## Assigned task
Taking the data below, please print only the lines from the line holding "thumbnail image 4" to the line holding "Uncooked white rice", inclusive, with pictures omitted.
--- Exercise material Enclosed Below ---
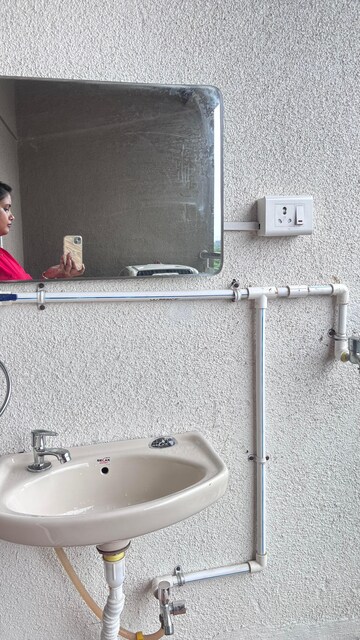 Bathroom in 1 RK Apartment at Bramhacorp Waterbay C, Kalyani Nagar – for Rent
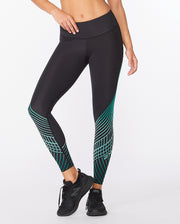 Dámské kompresní legíny 2XU MOTION TEXTURE MID-RISE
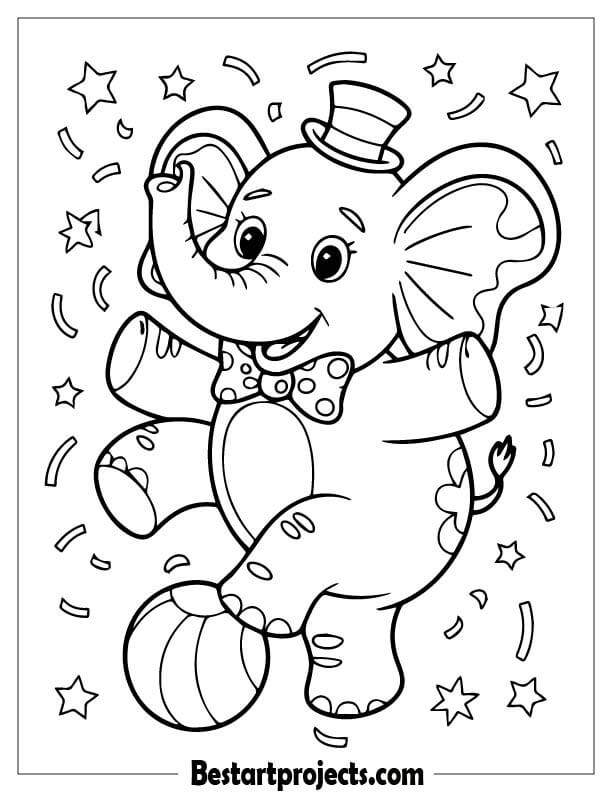  A Friendly Circus Elephant 2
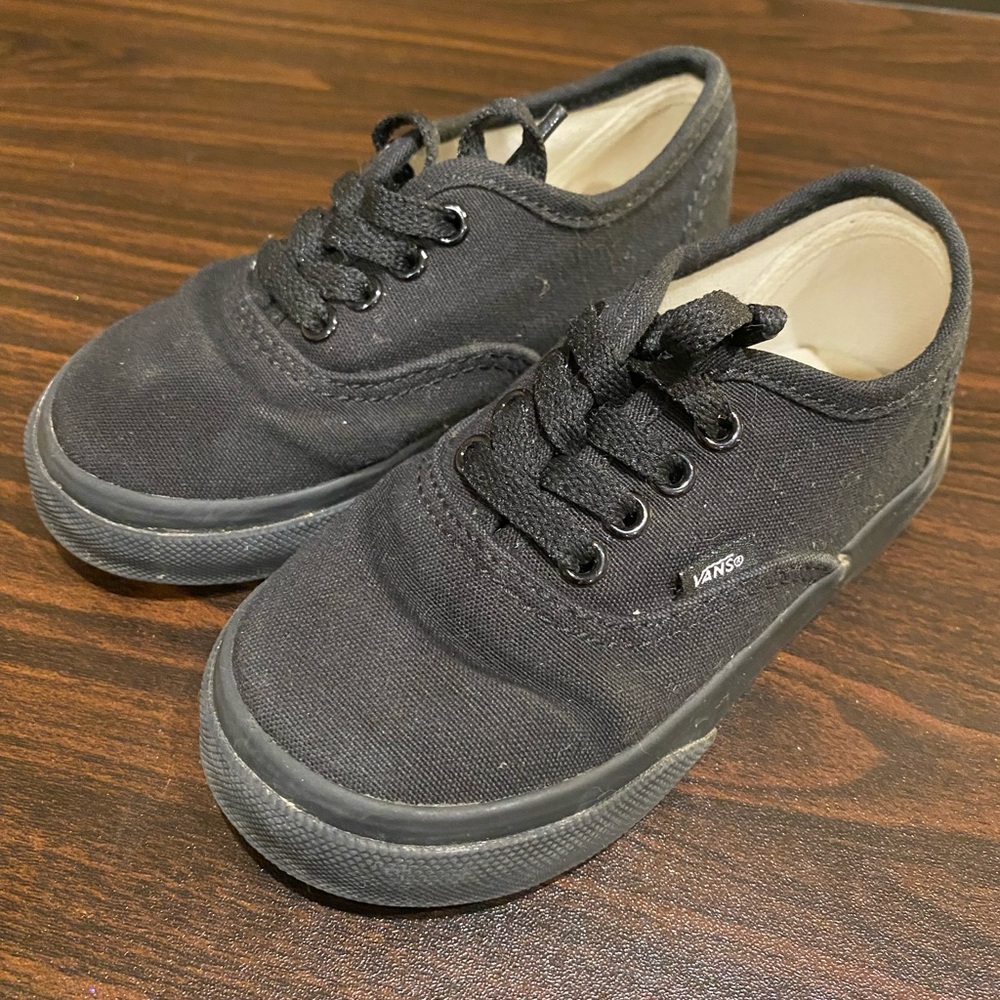 Vans Kids Classic Black Sneakers
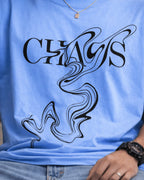 Blue Chaos Graphic Men’s Oversized T-Shirt (240 GSM)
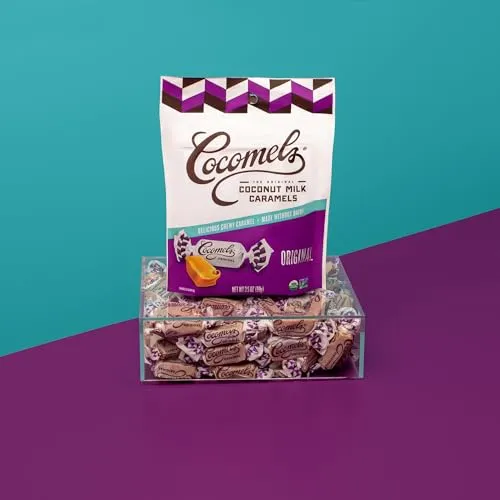 Cocomels Original Coconut Milk Caramels, 3.5 oz, 6 Pack, Dairy Free, Vegan, Organic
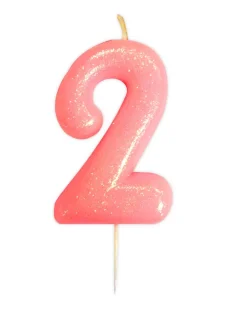 Kakelys - Nummer 2 - Glitter Rosa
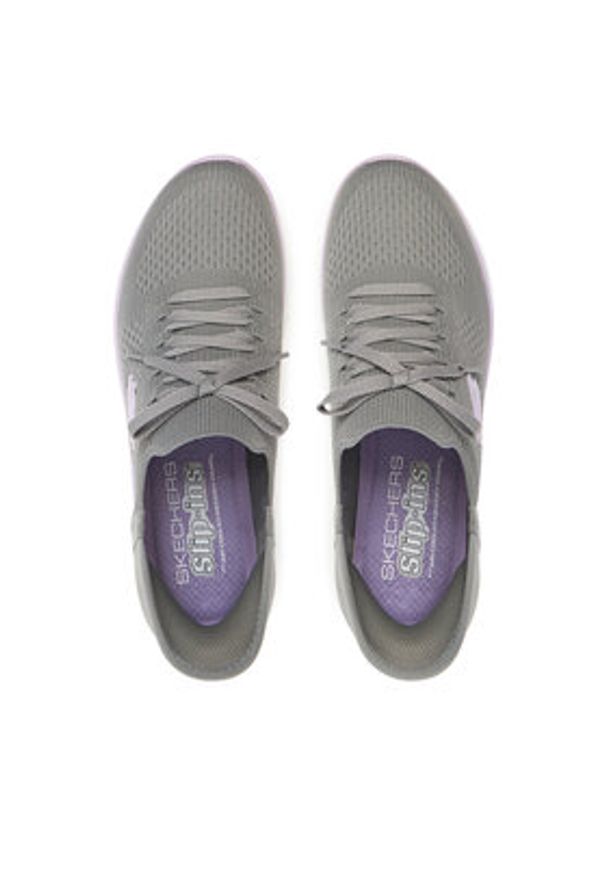 skechers - Skechers Sneakersy Summits-New Daily 150263/GYLV Szary. Kolor: szary. Materiał: materiał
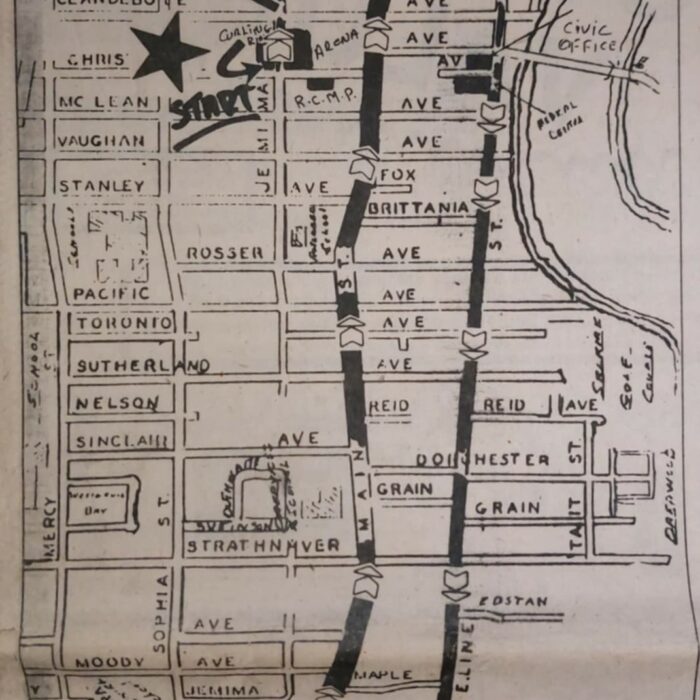 Parade Route, 1982, Selkirk Enterprise Parade Route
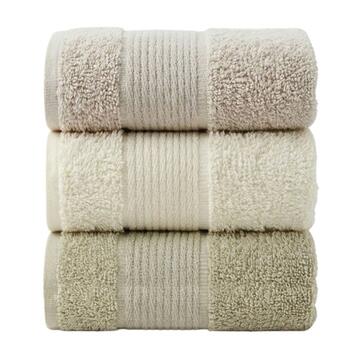 Set asciugamani 3 + 3 viso + ospite Kuve&egrave; LAILA - CIAM Centro Ingrosso Abbigliamento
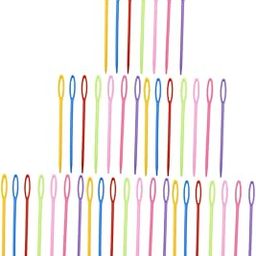 HOODANCOS Knitting Tools Set 1000pcs Plastic Yarn Needles Darning Needles for Boys and Girls Beginners-image-65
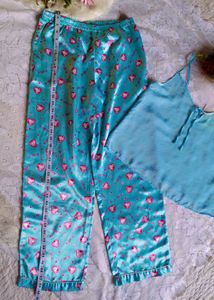 Cute Heart Print Pajama Set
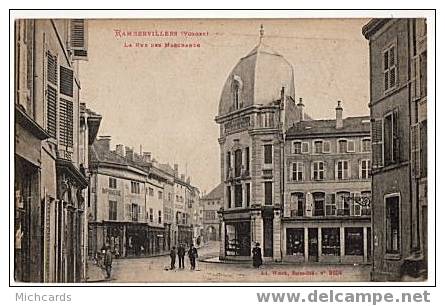 CPA 88 RAMBERVILLIERS - La Rue Des Marchands - Rambervillers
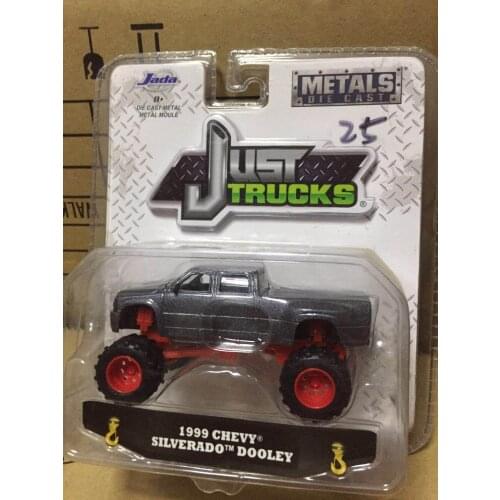 Ja da 1:64 1999 Chevy Silverado Dooley pickup alloy toy car toys for children diecast model car Birthday gift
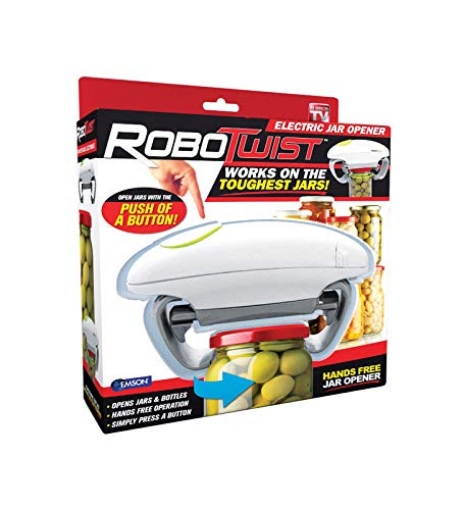 Picture of ROBOTWIST 1014 RoboTwist 1014 Bottle/Jar Opener As Seen On TV White ABS Battery Operated White (EA)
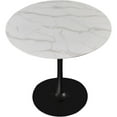 thumbnail image 4 of Meridian Furniture Holly Round Faux Marble Dining Table with Matte Black Base, 4 of 4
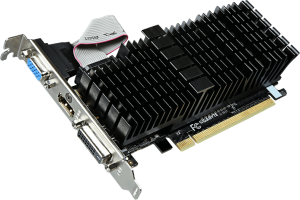 Karta graficzna Gigabyte GeForce GT 710 1GB GDDR3 (64 bit) HDMI, DVI, D-Sub, Low Profile (GV-N710SL-1GL) 2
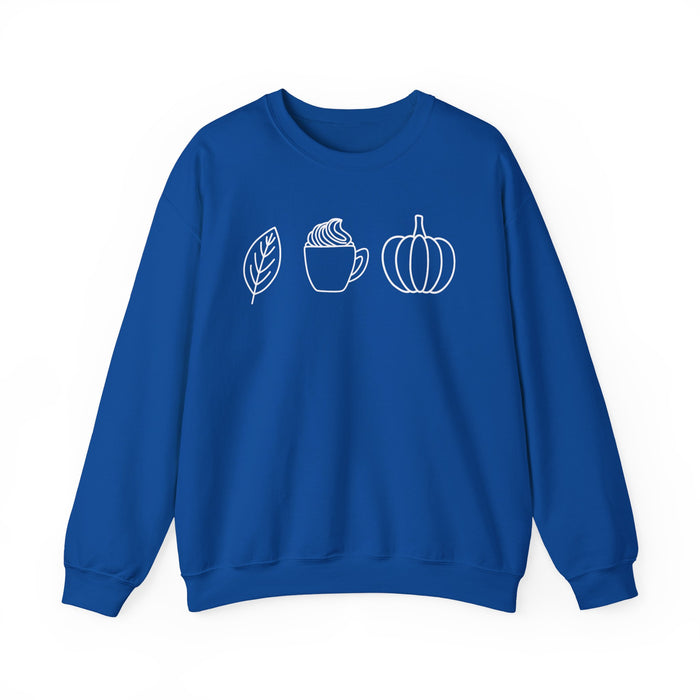 Leaves, Lattes and Pumpkins Sweatshirt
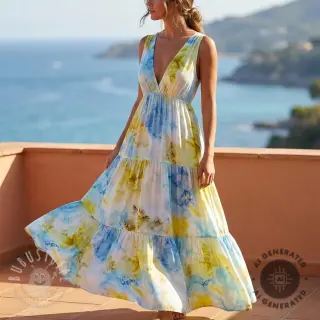 Viskosestoff SATIN Blurricio design B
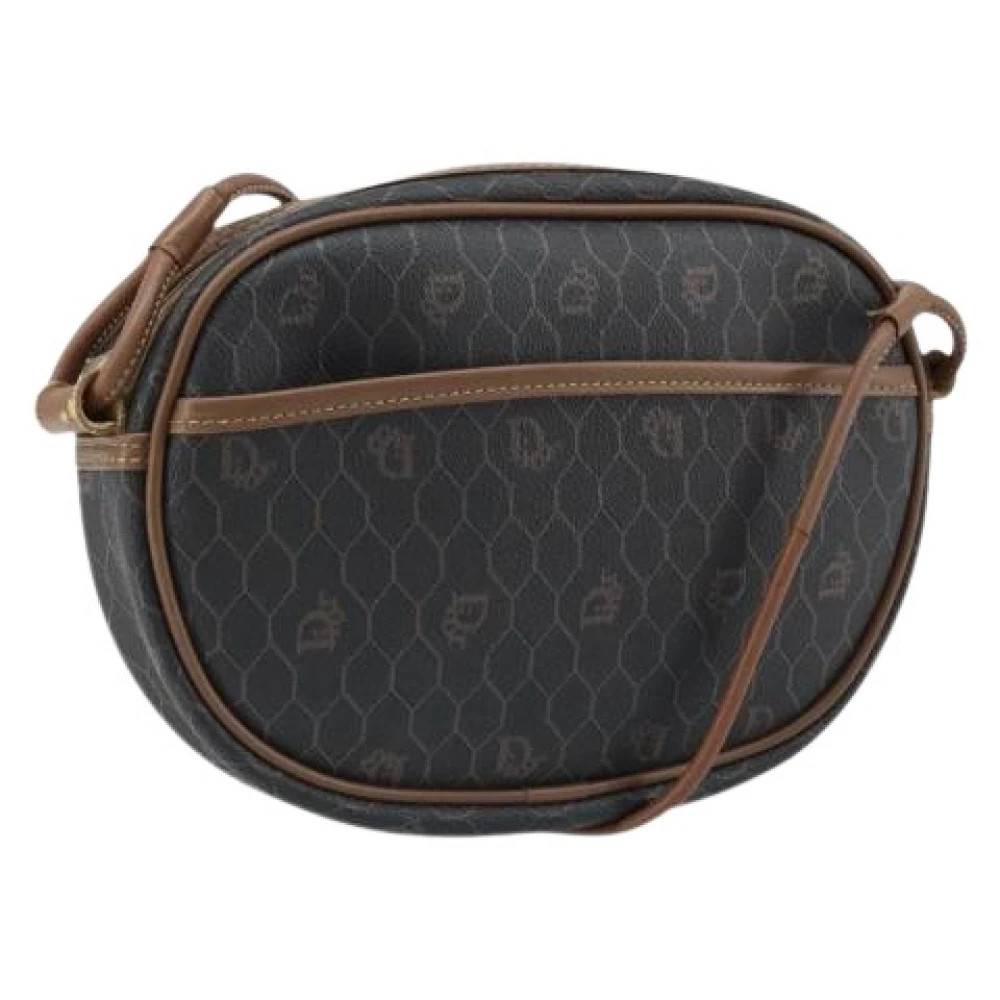 Dior Vintage Pre-owned Vintage Skuldertaske - Vintage - Dame - Sort - ONE SIZE - Uld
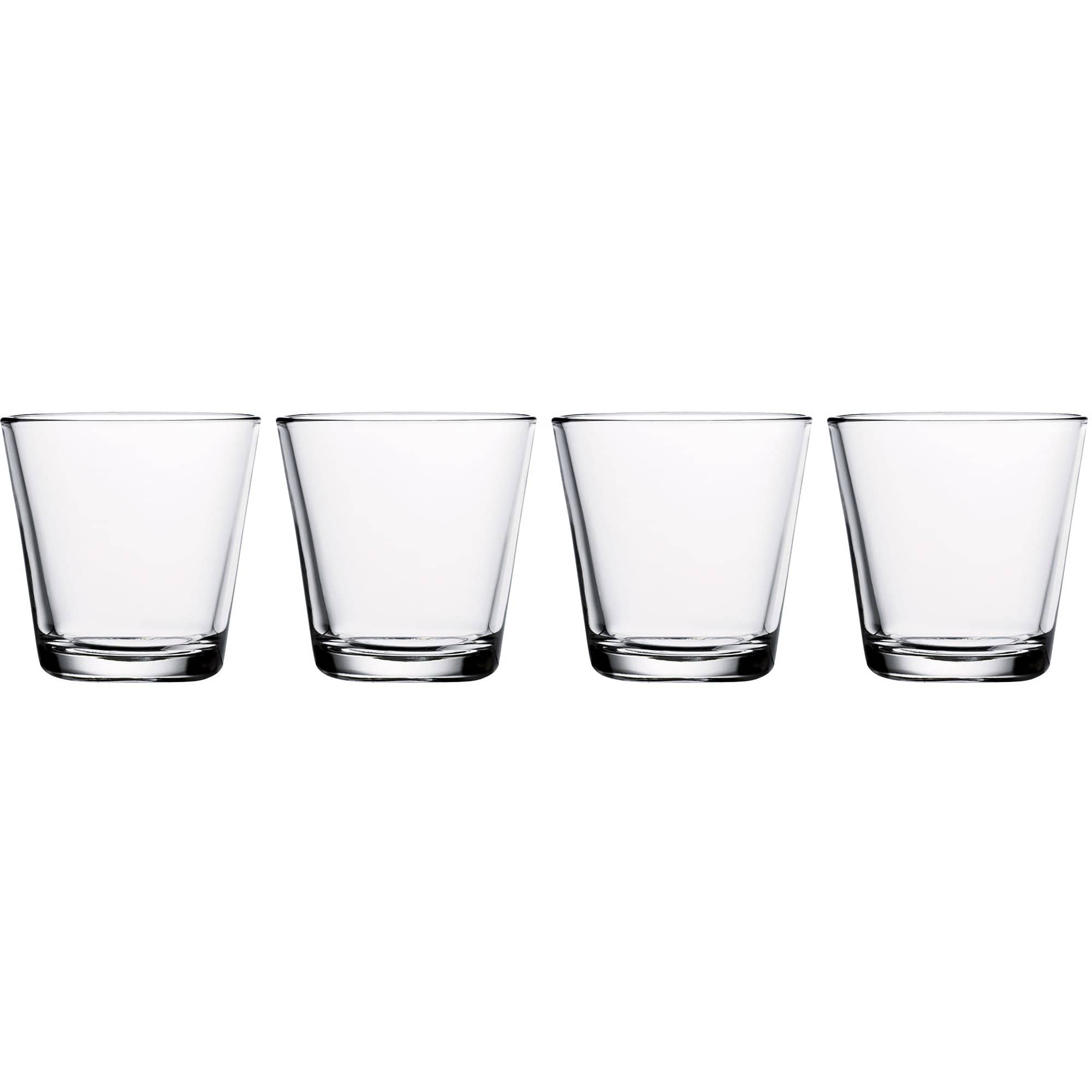 Kartio drikkeglas 21cl 4stk, klar
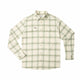 Washed Tan and Green Plaid
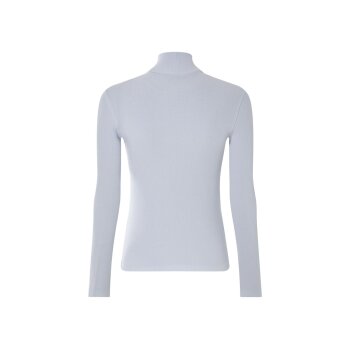 esmara® Damen Rollkragenshirt, in modischer Ripp-Qualität (Blau, L(44/46)) - B-Ware neuwertig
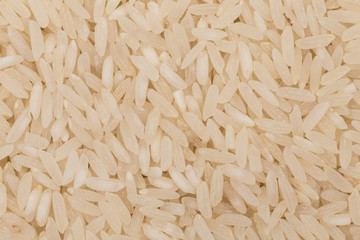 Uncooked white rice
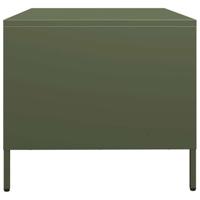 Salontafel 101,5x50x43,5 cm koudgewalst staal olijfgroen - thumbnail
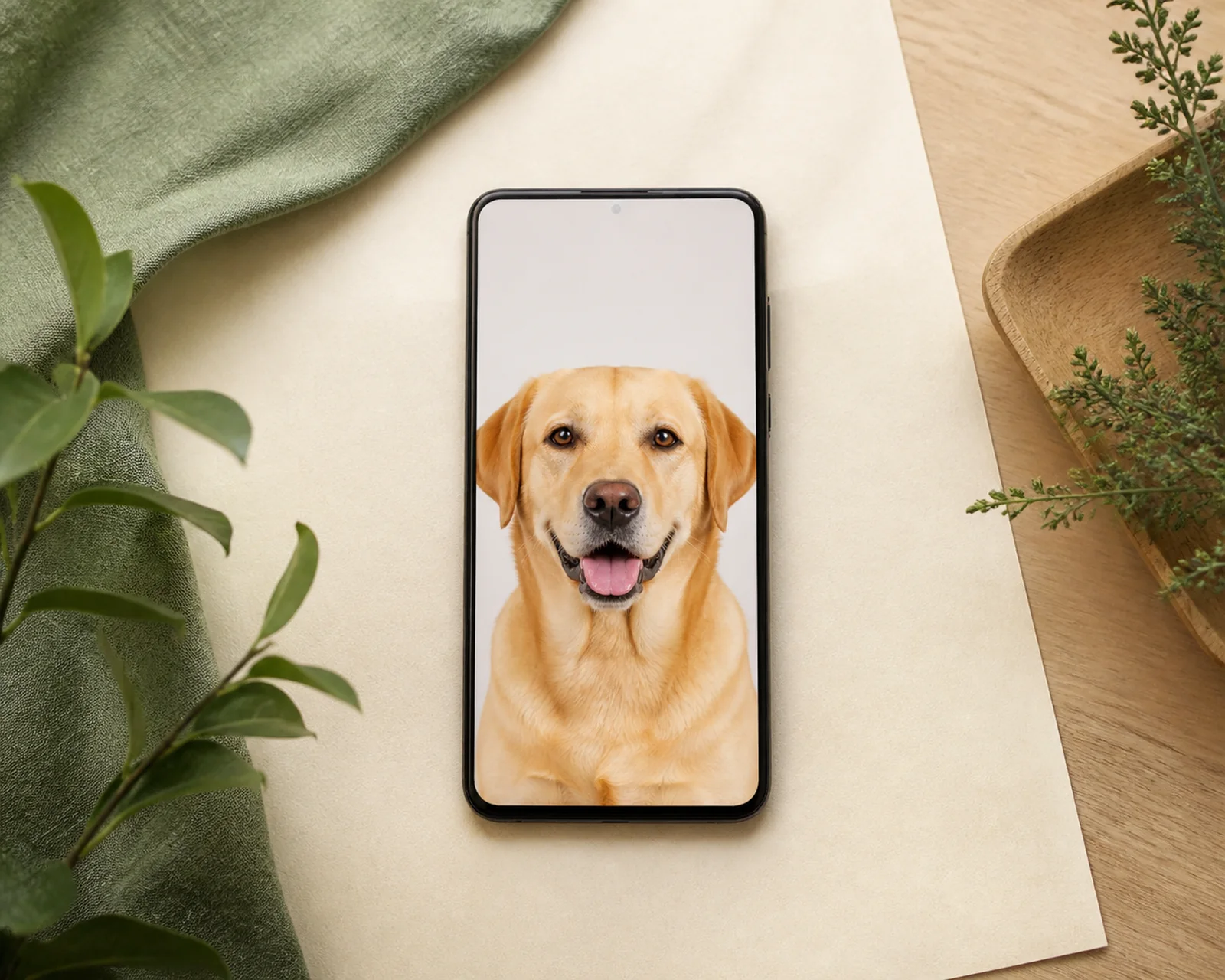Dober primer ostre fotografije psa pri enakomerni dnevni svetlobi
--- End of Enclosed Exercise material ---
## Exercise output
 thumbnail image 4 of Meridian Furniture Holly Round Faux Marble Dining Table with Matte Black Base, 4 of 4
 Karta graficzna Gigabyte GeForce GT 710 1GB GDDR3 (64 bit) HDMI, DVI, D-Sub, Low Profile (GV-N710SL-1GL) 2
 Leaves, Lattes and Pumpkins Sweatshirt
 Viskosestoff SATIN Blurricio design B
 Dior Vintage Pre-owned Vintage Skuldertaske - Vintage - Dame - Sort - ONE SIZE - Uld
 Kartio drikkeglas 21cl 4stk, klar
 Washed Tan and Green Plaid
 esmara® Damen Rollkragenshirt, in modischer Ripp-Qualität (Blau, L(44/46)) - B-Ware neuwertig
 Uncooked white rice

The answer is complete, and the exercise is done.